“Before we get back to your car, I want to know when I can see you again.”
“This date isn’t over and you already want another one?”
“Of course. What’re you doin’ tomorrow night?”
“I don’t have any plans. Why?”
“You do now. Can you meet me at the rest area outside of Moorcroft at seven?”
“Sure. What are we gonna do?”
Carson kissed her nose. “It’s a surprise.”
The day had been a scorcher.
By the time she’d hung all the clothes on the line, the first ones were already dry.
Her father and Thomas came home together. They set their lunch pails on the counter and each grabbed a beer out of the refrigerator. Even if her dad couldn’t give her more than a grunt of acknowledgment, he did spend time with his wife every night.
“So what’d you do all day?” Thomas asked. “Bake cookies?”
“When it’s nearly a hundred degrees? No. Which also means we’re having cold-cut sandwiches for supper.” She faced her brother. “I need to borrow your car tonight.”
“Where you going?”
“Over to Beverly’s.”
His eyes turned suspicious. “Why can’t she pick you up?”
“Because she always picks me up.”
“Why can’t you take Mom’s car?”
“Because the left rear tire is almost flat.”
He sighed. “I suppose you want me to fix that too?”
“You or someone else. I can’t go to the store without a car, and if I don’t get to the store, no one eats,” she said sweetly.
“Good point.” He swigged his beer. “Stu will be around tonight so we’ll get it handled.”
“Leave the keys on the hook when you’re done. I’m taking my car to work tomorrow instead of riding with Dad.”
Carolyn sensed he wanted her to ask why, but Stuart wandered in. “I hope there’s a good game on TV tonight. I’m beat.”
“We gotta fix the tire on Mom’s car first,” Thomas said.
“Supper is ready and on the counter. And somebody please remember to put away the leftovers.” If there were any.
“Where are you goin’?” Stuart asked with suspicion that equaled Thomas’s. “You’ve been gone a lot lately.”
“As long as I feed you, wash your clothes and pick up after you, why does it matter?”
He patted her on the shoulder. “Have fun.”
She never fixed herself up to go to her friend’s house and doing so would cement her brothers’ suspicions. So she shoved her makeup and change of clothing into the bottom of her big purse. Butterflies flapped in her belly, making it impossible to eat. As casually as possible, she strolled out of the sun porch toward the front door.
“Where do you think you’re goin’?” her father asked, or rather, more like he shouted as an accusation.
Lying about meeting a man? Next you’ll be sneaking out of the house to meet him.
If she had to. She wanted to be with him. She’d do anything to see him again. Luckily, after talking to Beverly today, she’d agreed to cover for Carolyn—even as she warned her to watch her step with the notorious Carson McKay.
Her father said, “I don’t think you need to be out tearing around on a Monday night.”

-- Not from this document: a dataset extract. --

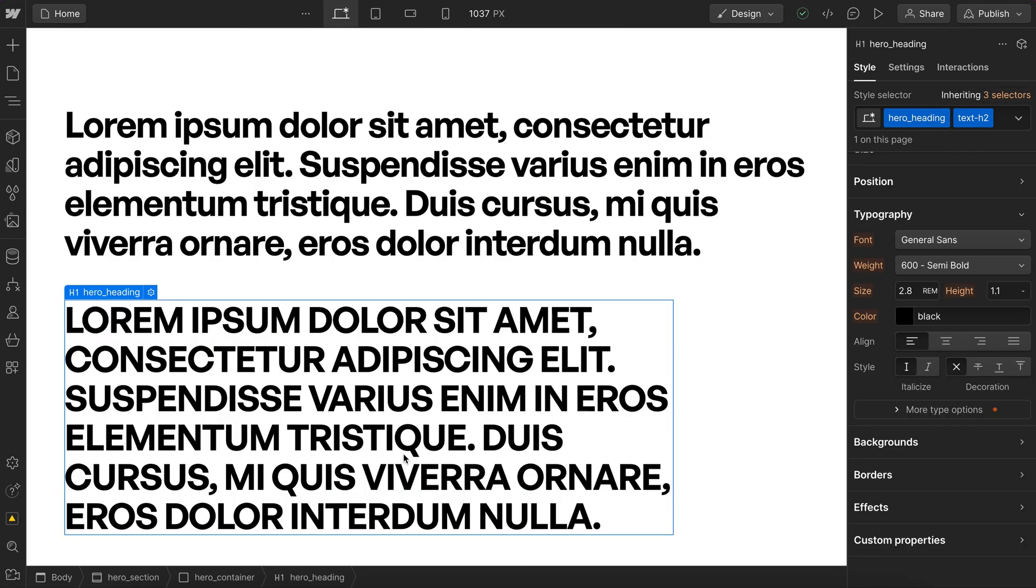Every single element on our site needs a custom class, even if that custom class has no styles applied to it. If it has no styles, it won't show up in our global site CSS, so we can keep things clean, but it's there in case we need to add a custom style later.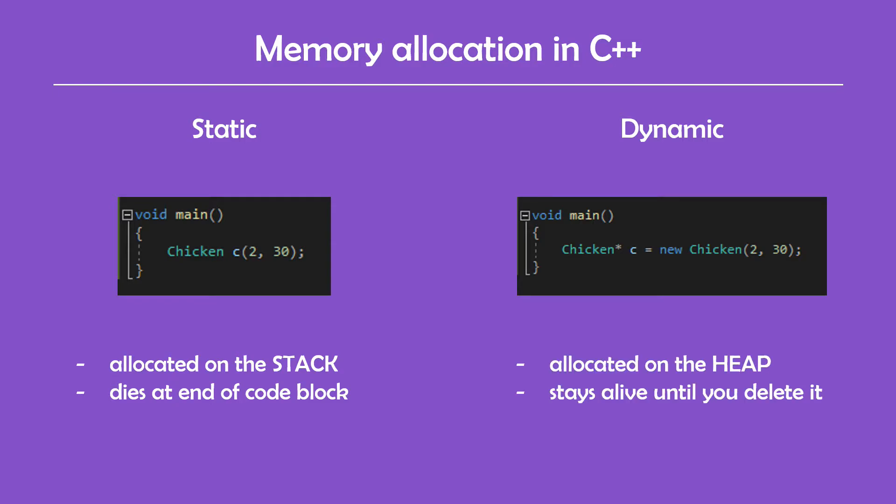And the second one is dynamically allocated on the heap of the program and it will stay alive until you, the programmer, delete it yourself and release the allocated memory. Of course, when we're talking about memory leaks, we'll be using dynamically allocated variables because that's when we have control over when we deallocate the memory, and unfortunately that's when mistakes like memory leaks happen.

Carolyn slowly turned around. “What will I do if I stay here? I’ve already cooked, cleaned, done the laundry and looked after Mom.”
“You don’t need to get smart with me, young lady.”
“I’m not.” She started toward the door again.
“Be home by ten. Not a minute later.”
He’d be snoring away in his room by nine-thirty and wouldn’t know what time she rolled in anyway—but the smartest thing to do would be to smile and nod her head.
But that rankled. She was an adult. Her brothers didn’t have a curfew.
“Carolyn,” her father said sharply. “Did you hear me?”
She started to retort but Thomas jumped in. “Geez, Dad, I don’t think you have to worry about Carolyn. Now if it was me…?” He laughed. “I’d most likely roll in just as we were hopping in the car to go to work.”
Thank you, Thomas.
It was hard to meander out the door when she wanted to run. When the wheels hit the pavement she let out a loud whoop—sweet freedom!—turned up the radio and rolled down the windows.
The heat of the day lingered even as twilight approached.
She pulled into a roadside rest area and dug her clothes from the bottom of her purse. Making sure the coast was clear, she switched her short-sleeved floral blouse for a sleeveless black western shirt with pink piping on the collar and placket, leaving the top two buttons undone. She ditched the drab gray skirt and slid a tight black knit skirt up her thighs and over her hips. She wished she could’ve stashed a pair of pink kitten heels in her bag, but she was stuck with the white canvas shoes she’d worn all day.
Her hair was a wild tangle after having the windows down in the car, but it’d look messier yet when Carson got a hold of it. She’d nearly screamed in shock yesterday after catching sight of herself in the mirror following their picnic. She’d scraped her hair into a ponytail, praying her brothers and father wouldn’t notice her hairstyle change in the hours between when she left for church and when she’d returned home.